Theorem three is the one I was featuring, it becomes proposition six in the Principia so you saw it on the prior side as listed as proposition six because that's from a lecture I gave at the American Mathematical Society. Theorem three, if a body P in orbiting around the center S shall describe any curve line APQ.
And if the straight line PR touches the curve at any point and to this tangent from any other point Q of the curve there be drawn QR parallel to the distance SP now just QR is supposed to be parallel to SP. Exactly what angle it's supposed to be is an interesting question but I'm not gonna worry about that now.
Huygens, if you recall, had the following, take the arc and take the straight line the same distances and draw the line between those two. Newton's not doing it that way. And if QT be let fall perpendicular to this distance SP, I assert that this centripetal force is reciprocally as the solid SP squared times QT squared divided by QR provided that the ultimate quantity of that solid when the points P and Q come to coincide as always [UNKNOWN.
Now, quick comment about that did it with limit just because i thought it'll be easier for you to follow. Newton is very very comfortable with the fact that QT is approaching zero as QR approaches zero. He's comfortable with it precisely because the ratio doesn't have to be zero, in fact the ratio isn't gonna be zero and we're gonna see it provably not zero in a whole bunch of cases.
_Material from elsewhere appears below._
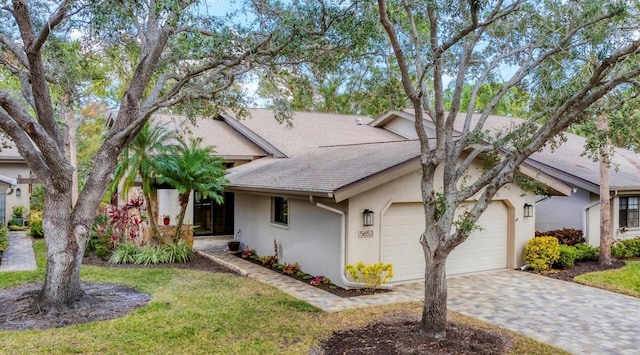 view of front of house with a garage and a front yard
That's Newton's picture of how to do limits geometrically. Namely, take ratios of two geometric quantities and now have both of them move towards zero. Is the ratio itself defined with a very definite limit? It could be various possibilities, infinity, zero or anything in between, but if it's got a very definite limit, it's perfectly okay to talk that way.
And he'll defend this in section one of the Principia, where he lays this kind of math out with some care. All right, there's one funny thing here in this corollary five. So here's what the Scholium theorem two says. The case of the fifth corollary holds true in the heavenly bodies.
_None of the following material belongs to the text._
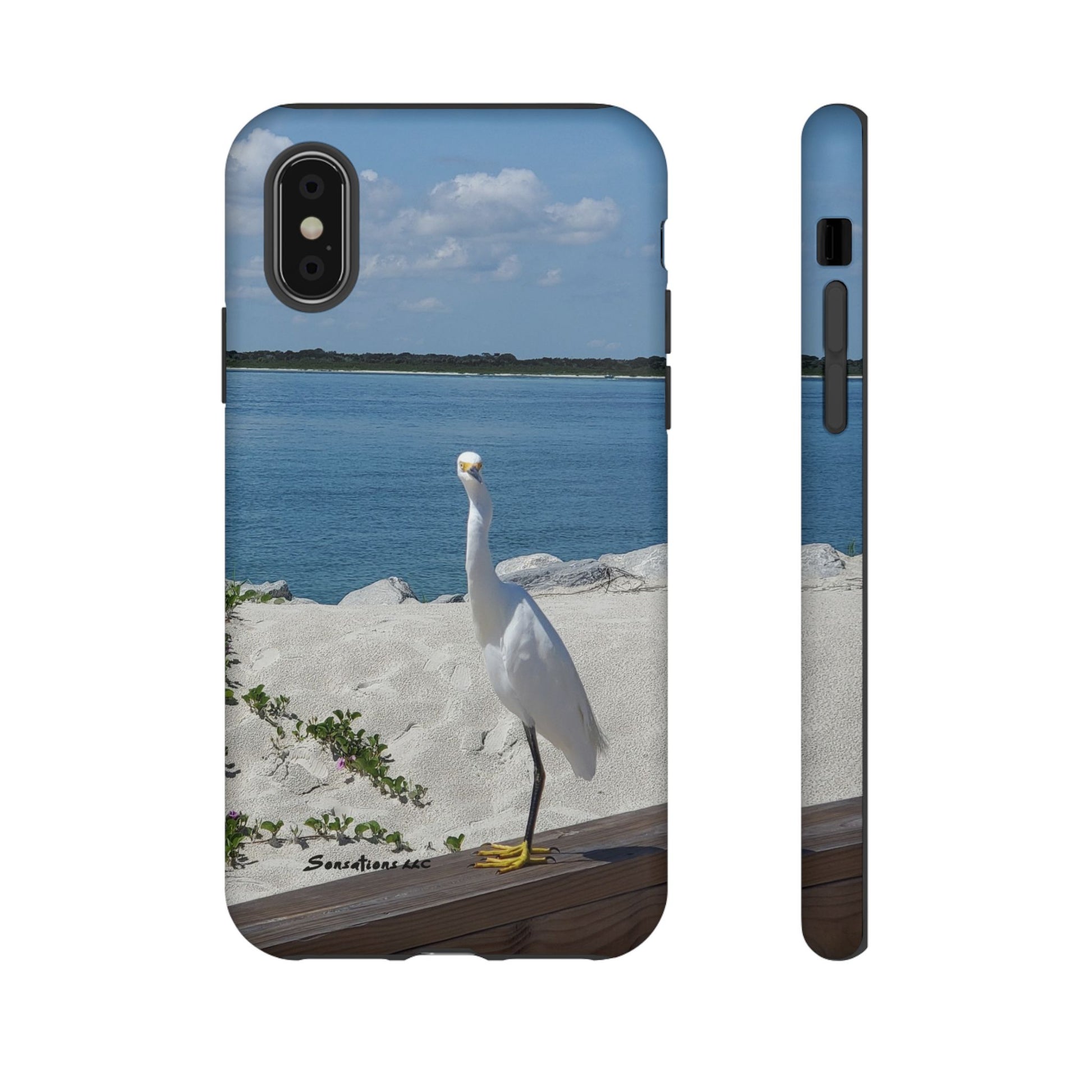White bird phone case featuring a heron standing near a serene beach backdrop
The squares are the periodic times, whereas the cubes are their distances from the common center round which they resolve. That it does obtain in the major planets revolving around the Sun, and also in the minor ones. Orbiting around Jupiter or Saturn, astronomer's agree, he does not know that's true of Saturn at this point as you will see next week.
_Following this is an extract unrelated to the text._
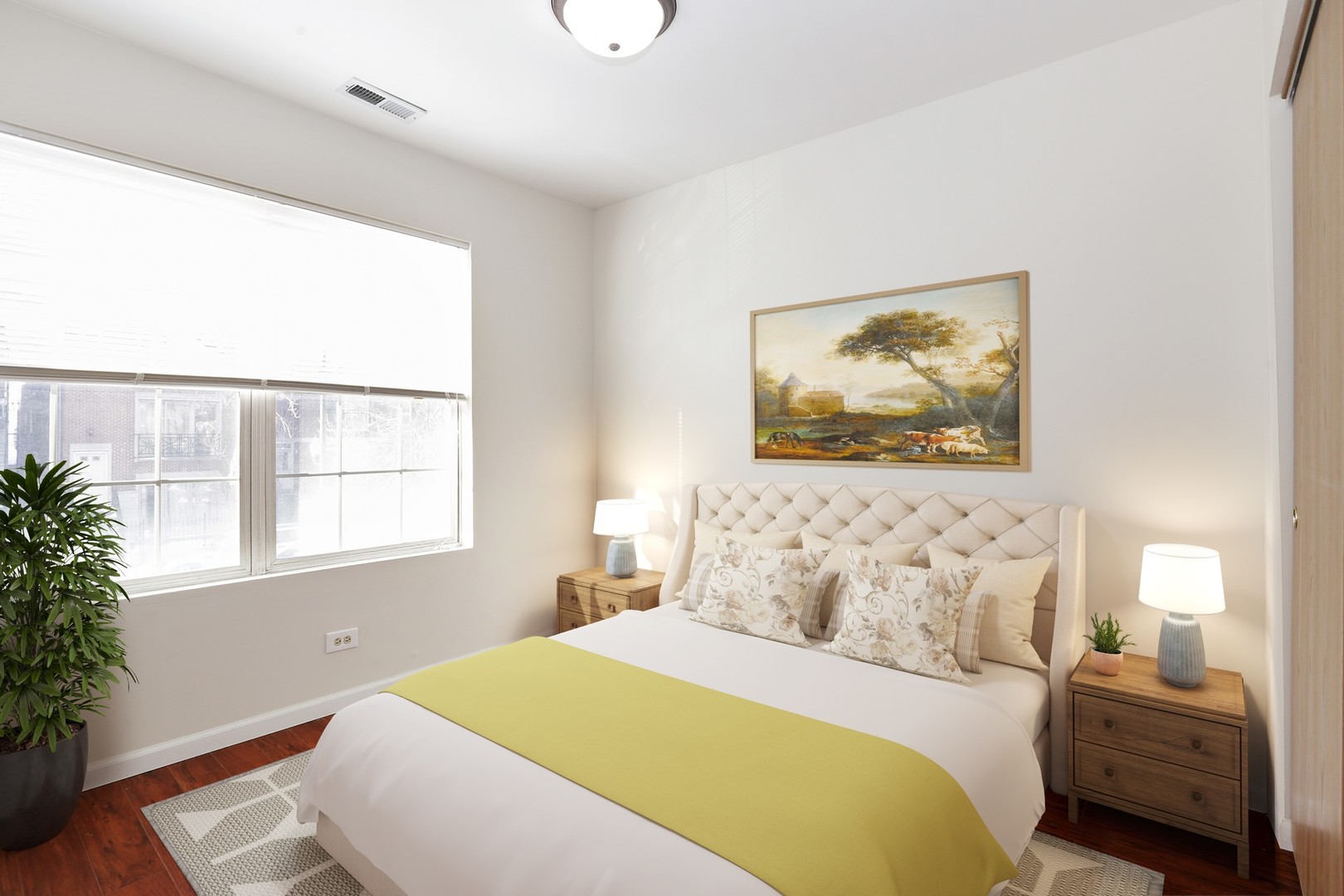 2414 West Harrison Street, Unit E Chicago, IL 60612 - Photo 11 of 15 a bedroom with a bed and a window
How sure he is, it's true of Jupiter? You'll see him again next week querying is it really true? So he's asserting this with some confidence that maybe now, there's a difficulty here, I'm not gonna read this out. You can read it for yourself, I'll just make the point.
As I've stressed from the very beginning of this semester this year. The planets are very very nearly circular. Mercury's the most off, where the minor axis is 2% shorter than the major axis. So draw them on a board, they look circular but that doesn't mean the motion is uniform.
In Mercury it s a 50, I give the amount, 50% greater at the point of maximum speed to minimum speed and the difference you can see, it's one plus E over one minus E and even for Mars it's 20% greater. So what's the legitimacy of using a theorem about uniform circular motion in concentric circles?
To draw the conclusion this is true of the orbits, the only answer can be take those orbits to a first approximation to be uniform, take the mean of them so to speak. The three has power rule but that totally leaves open, what are we to say about the variation in speed?
There's obviously a loose end in this, and I can't believe Newton was not aware of it. I can't believe everybody wasn't aware of it. Indeed, I'm fairly confident that's why Hook is asking his questions. Because sure the three has power rule gives you inverse square for circles but it's clearly not circles.
So, what are you gonna get with an actual inverse square of a rule?